Essas frases objetivas que influenciam muita gente a defender a condenação de Lula ou o impeachment, escondem uma série de questões que compõem tal discurso acusatório. Cabe lembrar aqui, que retórica não é apenas o excesso de palavras, mas o silêncio também constitui um dos seus estratagemas, talvez o mais perfeito.
Uma teoria
A condenação de Lula não foi porque ele cometeu um crime (se cometeu ou não, tanto faz), mas porque ele está na frente das pesquisas de intenção de votos. A ideia de se prender alguém por corrupção no sistema capitalista é esdrúxula, nunca existiu e nunca existirá. Em política, prendem-se aqueles que não servem mais para o funcionamento da máquina. Os acusam do que há de mais óbvio, do que são por natureza.

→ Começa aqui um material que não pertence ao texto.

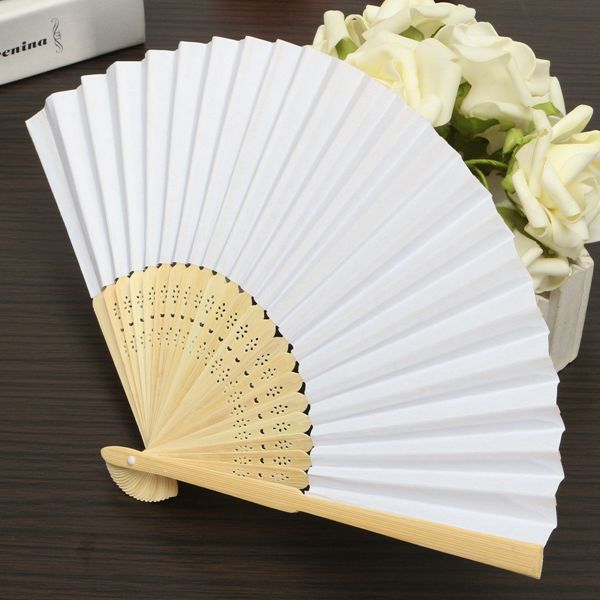 30 Pcs Vouwen Papier Hand Fan Custom Halloween Dames Baby Douche Bruiloft Gunsten Party Decoratie (Wit)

O golpe não teria sentido se o ex-presidente se candidatasse e ganhasse o pleito presidencial. Tentou-se denegrir a imagem do PT e a de Lula, ao longo de três anos, mas não foi possível. Esperaram as pesquisas saírem e, quanto mais próximo das eleições, percebeu-se que seria necessário tomar decisões drásticas, isto é, torná-lo inelegível.
Por que não prenderam Aécio Neves? Porque ele é um político que se contrapõe ao PT. Do único partido capaz de se declarar claramente antipetista e ter parlamentares suficientes para conduzir um novo governo. Não se podia manchar a legenda.
Por que não prender Michel Temer? Porque este tem uma função chave. Sua imagem e a desaprovação ao seu governo é uma forma de desaprovar o PT. Alguns dizem que quem colocou Temer no poder foi a Dilma. A ideia era cultivar o ódio ao PT, talvez aumentá-lo, a medida que a rejeição a Temer ganhasse mais adeptos.
Por que, então, prenderam Cunha e outros políticos do PMDB? Os políticos do PMDB que foram presos não são capazes de confrontar Lula nas urnas. Muito menos de chegar ao segundo turno das eleições presidenciais. A função deles era mostrar que Lula comandava uma rede de corrupção. Nenhum deles interfere no projeto político de ascensão do PSDB. São cartas fora do baralho. Tudo indica que algum candidato do PSDB irá ganhar as eleições desse ano. Pelo menos, esse é o plano.
A urdidura por onde passa os fios dessa trama foi traçada da seguinte maneira: tornar Lula inelegível para levar ao segundo turno algum candidato do PSDB ou um dos seus aliados para concorrer com Bolsonaro. A vitória contra Bolsonaro é certa. O político mais odiado do país não terá apoio das esquerdas, e estas, por sua vez, vão preferir um político de “centro”, já que seria um “mal menor”, exatamente como ocorreu nas eleições francesas do ano passado.
As asserções diretas e objetivas são fachadas. O espetáculo que a mídia promove é por si só prova disso. Cheio de redundâncias e desvios. Longe de querer dar uma resposta definitiva a questão, o que apresento aqui é só uma teoria, um futuro possível baseado em algo para além do simples, do discurso direto que conforta aquele que não quer pensar.
Raphael Silva Fangundes é doutorando do Programa de Pós-Graduação em História Política da UERJ. Professor da rede municipal do Rio de Janeiro e de Itaguaí.
[1] DUBOIS, J. et. all. Retórica Geral. Trad: Carlos Felipe Moisés, Dúlio Colombini e Elenir de Barros. São Paulo: Cutrix, 1974. p. 53.
[2] WITTGENSTEIN, Ludwig. Investigações Filosóficas. 6 ed. Trad. Emmanuel Carneiro Leão. Petrópolis. Vozes, 2009, p. 165.
[3] BECK, Ulrich. Sociedade de risco: rumo a uma outra modernidade. Trad. Sebastião Nascimento. São Paulo: Editora 34, 2011, p.33.